Jesus’s death was a human sacrifice in the same sense that the soldier throwing himself on the grenade is a “human sacrifice”.
@Zippy: Jesus, complying with the express will of the Father, even unto death, is an act of holiness. Doing what God says is holiness, but it may not be moral. Abraham was told to take his son Issac and to go where God leads and there to offer Issac as a sacrifice on an altar. Abraham did not tell anyone where he was going or what he intended to do because he knew nobody, least of all Issac, would consider the intended act moral. Holiness and morality are not the same thing. God is not moral; God is holy. God cannot ever chose to do what is wrong; that is ; God cannot sin. Jesus, the Lamb of God, came and layed down His life, and took it up again so that those who came to the Father thru the Son would be holy, as God is holy. Those who sought to, and did kill Jesus were very moral people, but they were not holy. Pharisees and the Sadducees, scribes and layers, Roman elite and soldiers. All very moral, but not having a clue what God desired. God wants His people to have a clue.
But should Christians emulate Judas and Pilate, or not?
@Zippy: “But should Christians emulate Judas and Pilate, or not?” Christians should emulate Jesus, and no other human being, either living or dead.
Bobbye:
So you are rejecting the idea that Christians should emulate, say, Abraham?
@Zippy: “So you are rejecting the idea that Christians should emulate, say, Abraham”
Absolutely!
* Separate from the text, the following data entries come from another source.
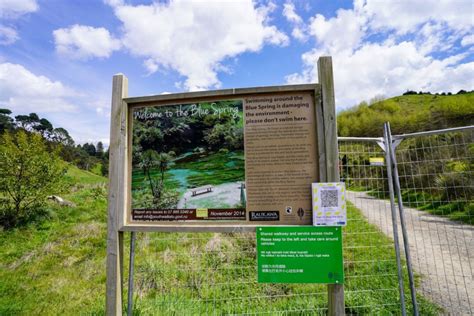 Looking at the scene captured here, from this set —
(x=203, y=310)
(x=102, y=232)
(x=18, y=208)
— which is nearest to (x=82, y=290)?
(x=203, y=310)

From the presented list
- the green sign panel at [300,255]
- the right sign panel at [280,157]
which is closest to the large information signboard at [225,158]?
the right sign panel at [280,157]

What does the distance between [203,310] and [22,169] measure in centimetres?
886

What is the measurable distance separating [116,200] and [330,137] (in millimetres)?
2369

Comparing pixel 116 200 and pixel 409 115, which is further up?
pixel 409 115

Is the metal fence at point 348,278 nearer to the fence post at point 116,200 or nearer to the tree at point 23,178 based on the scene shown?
the fence post at point 116,200

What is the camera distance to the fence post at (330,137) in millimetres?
2293

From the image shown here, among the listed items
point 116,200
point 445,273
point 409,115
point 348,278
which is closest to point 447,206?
point 445,273

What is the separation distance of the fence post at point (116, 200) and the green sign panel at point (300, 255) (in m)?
1.53

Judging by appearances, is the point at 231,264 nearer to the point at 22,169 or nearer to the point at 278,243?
the point at 278,243

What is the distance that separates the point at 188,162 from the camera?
2.64 meters

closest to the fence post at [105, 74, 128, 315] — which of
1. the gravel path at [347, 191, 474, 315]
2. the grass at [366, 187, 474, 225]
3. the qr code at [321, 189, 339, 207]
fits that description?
the qr code at [321, 189, 339, 207]

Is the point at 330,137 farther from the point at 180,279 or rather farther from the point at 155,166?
the point at 180,279

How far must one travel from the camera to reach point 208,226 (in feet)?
7.98

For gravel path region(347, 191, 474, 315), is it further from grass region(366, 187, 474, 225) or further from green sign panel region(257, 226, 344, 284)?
green sign panel region(257, 226, 344, 284) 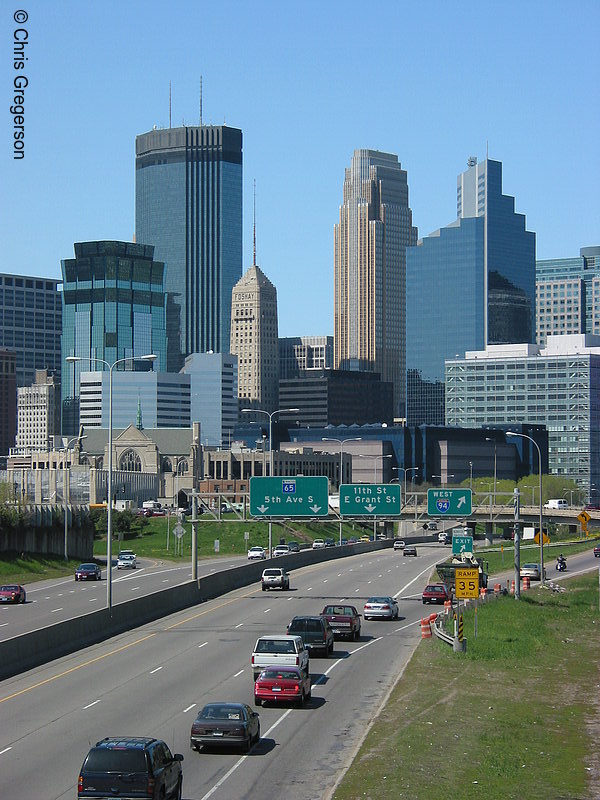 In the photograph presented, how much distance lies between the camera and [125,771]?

Are you suggesting that Jesus is inadequate as a role model? That, perhaps there are better people to emulate? Christ-ian, means little Christs or Christ like. If Jesus Christ is not good enough to be your role model/standard then why pretend to be a Christian?
Bobbye:
That depends on what you mean by ‘inadequate’. There are all sorts of things we are left to figure out for ourselves in this world. How to fix a car, for example. In general how much Christ ‘holds our hand’ and how much He leaves us to figure out for ourselves is up to Him, not us.
But in any case, back on the issue of morality (good and evil in human choices), if you are saying that nobody should follow the word and example of Abraham, Moses, Samuel, et al then you might want to take that up with your protestant co-religionists; because you’ve taken an even more radical position against their use of the Old Testament than I have.
Thanks for the discussion.
@Zippy: You are welcome, although I do not feel as if we really had a discussion. You have assumptions about things and I have assumptions about things, and I do not think we were ever discussing the same thing. However, this is how things start.